I cried when I read about what happened to Appolinaire, she tells me, referring to the poet who died in the First World War, she’d been reading about for her Dada class.
Its hard finding a tribe, so she commutes with the women in the movement.
I am an absurdist, she tells me, dancing.
We take in the Witches Show at the Hammer, haunted images of bodies in time, spirits, shadows fall down.
“That's right I am a brother,” another man tells me on the bus to Sunset Boulevard.
A woman gets on the bus, screaming, knocking the windows, another day in paradise.
We’re off to Amoeba Records Hollywood where one of her friends works, the walk of fame takes us there.
Zillions of posters or records and hero's, and CD’s and pins and friends.
And then our feat lead us to Jet Rag on N La Brea Ave for more thrifting, the sun going down.
Its long walk, past shuttered hotels, where the homeless people seem to dwell, some squats, some crumbing, vines growing, nature reclaiming the strip mall.
The sun is going down, each block, something else, an encounter with homeless LA, goth LA, apocalyptic LA, cults here, passed out bodies there.
The Dodges are playing, projected in a parking lot outside some head shop, where people are selling pot.
How are you, I ask one of the hosts.
Living the dream, she tells me.
Finally, we get to Jones Hollywood.
It's an old LA haunt. I feel Jim Morrison’s presence here, drinking a sazerac, looking about, chatting with the teenager about her first time here with her friend, sharing a bowl of pasta and tomatoes. It feels like the ghosts of LA are with us, sitting in the shadows of the B movie like old haunt, technicolor blurring, Jim Bellushi arriving from Chateau Marmont, Darby Crash on the way to the Oaky Dog where he enjoyed a last supper.
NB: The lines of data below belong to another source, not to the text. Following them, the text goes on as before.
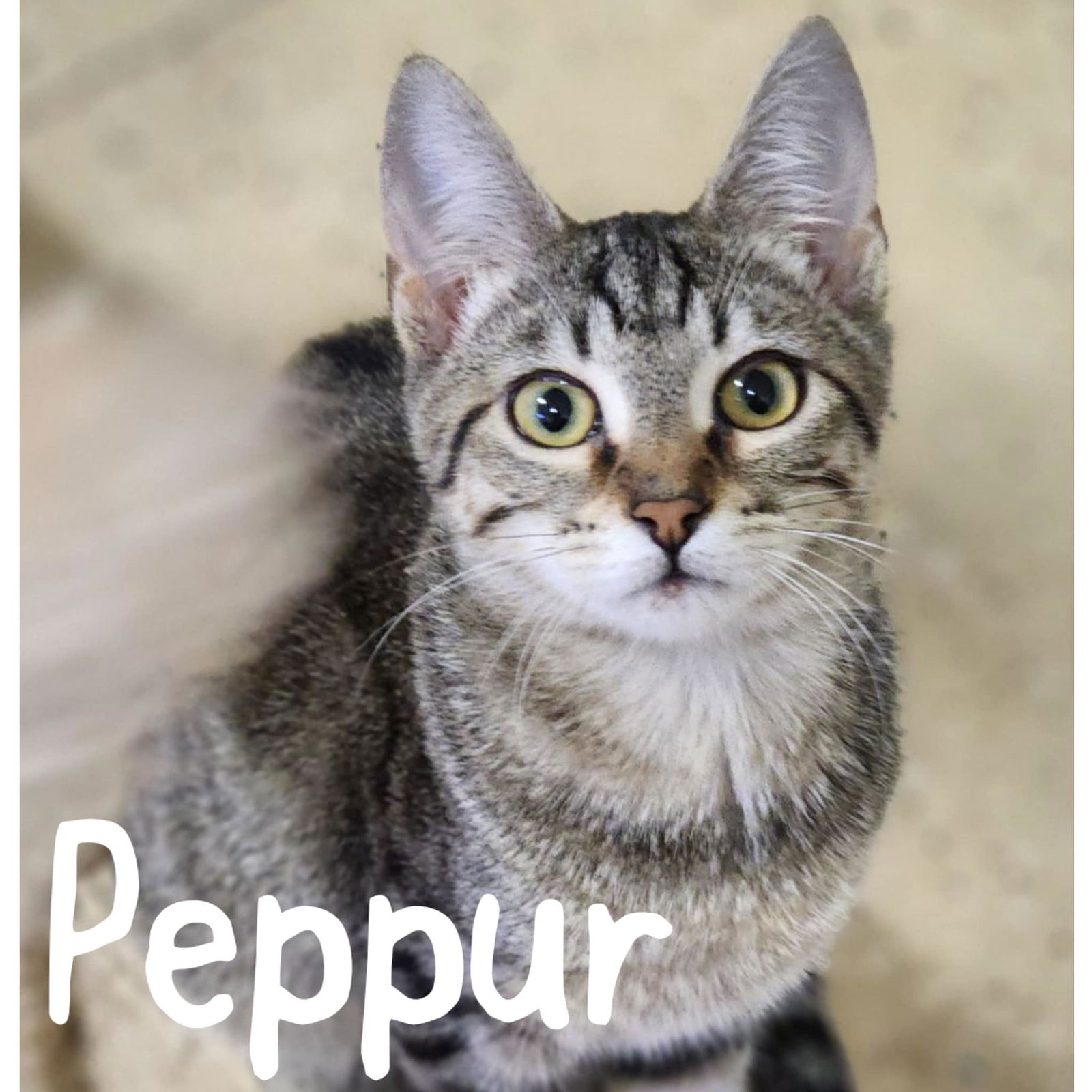 adoptable Cat in Wilmington, NC named Peppur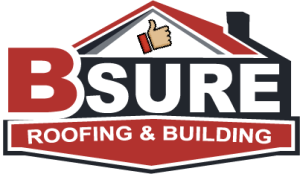 bsure logo thumb 03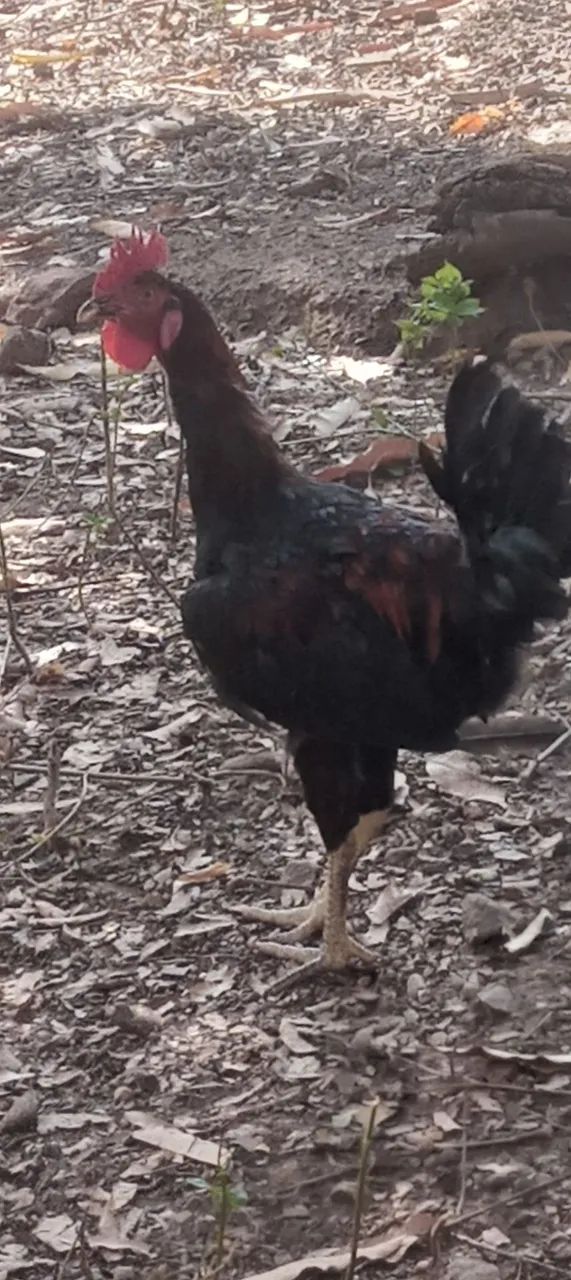 Frango Caipira para Reprodutor ou Abate. 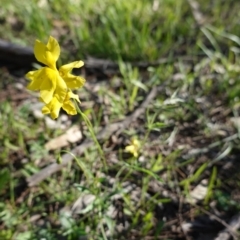 Goodenia pinnatifida at Red Hill, ACT - 16 Apr 2020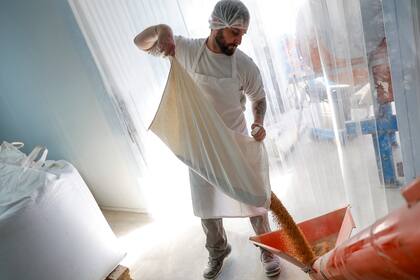 La espelta, es el grano que define su identidad a la hora de la fabricación.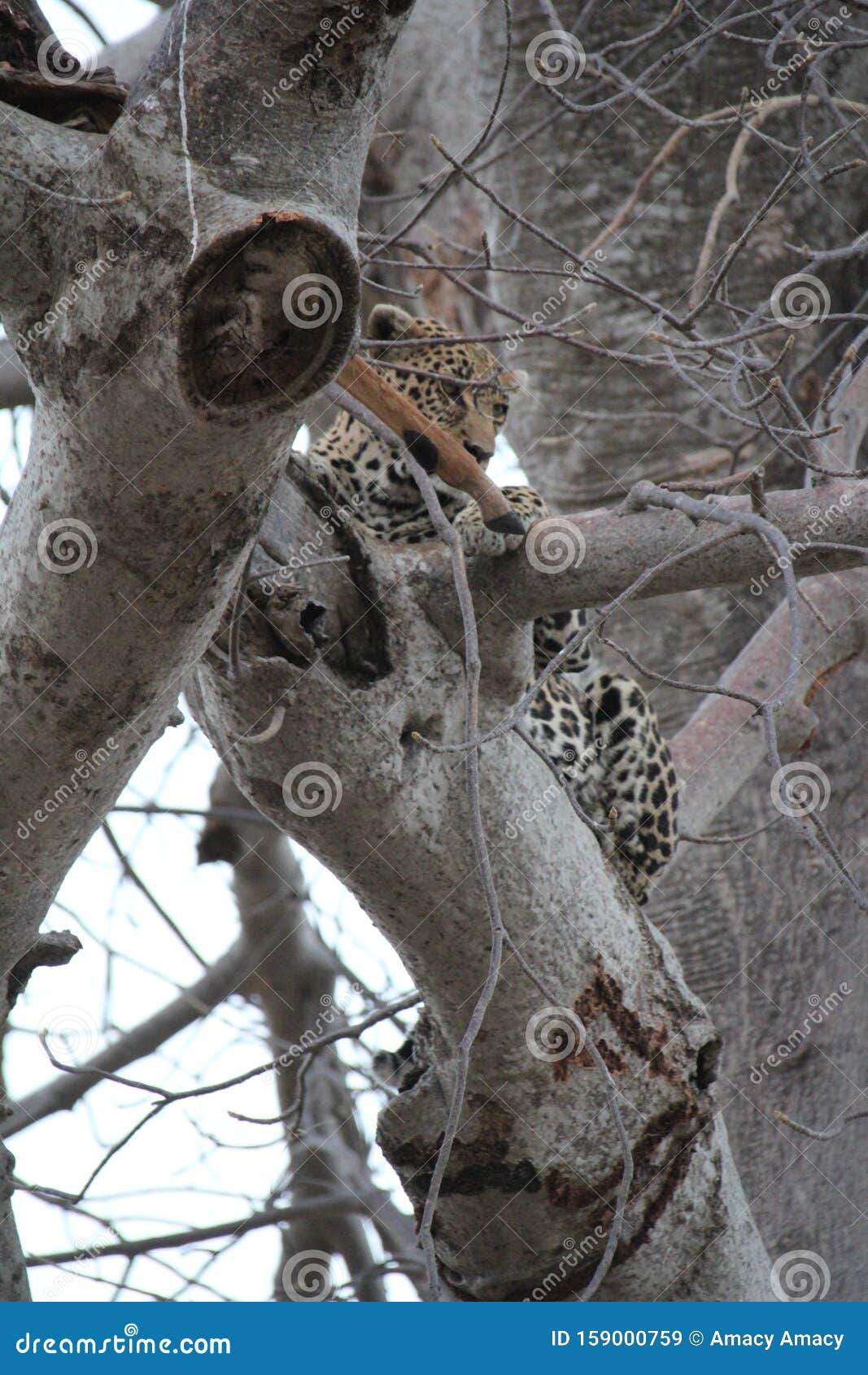 Animals at Serengeti National Park Stock Image - Image of bush, hunting:  159000759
We chat about the people, the dream, Laurel Canyon, and rock and roll, recalling our trips to New Orleans, our adventures then, the ones moving forward.
As we’re leaving, Rodney on the ROQ, the iconic DJ is coming.
His 1976 radio show changed it all.
Back at Santa Monica, we try to watch Sunset Boulevard.
But neither of us make it past the first few lines.
So we get up early.
Surfers are catching waves between Venice and Santa Moncia where we the next morning, talking about class and the week and growing up and navigating leaving home behind, and finding something else. But for a moment, its exquisite.
Enjoy the adventure.
Run toward it, instead of away, in between here and there, bicoastal, ideas, and feelings, divided loyalties between the left Coast and East Village, music here, parties there, trips to Paris ahead and old buddies behind.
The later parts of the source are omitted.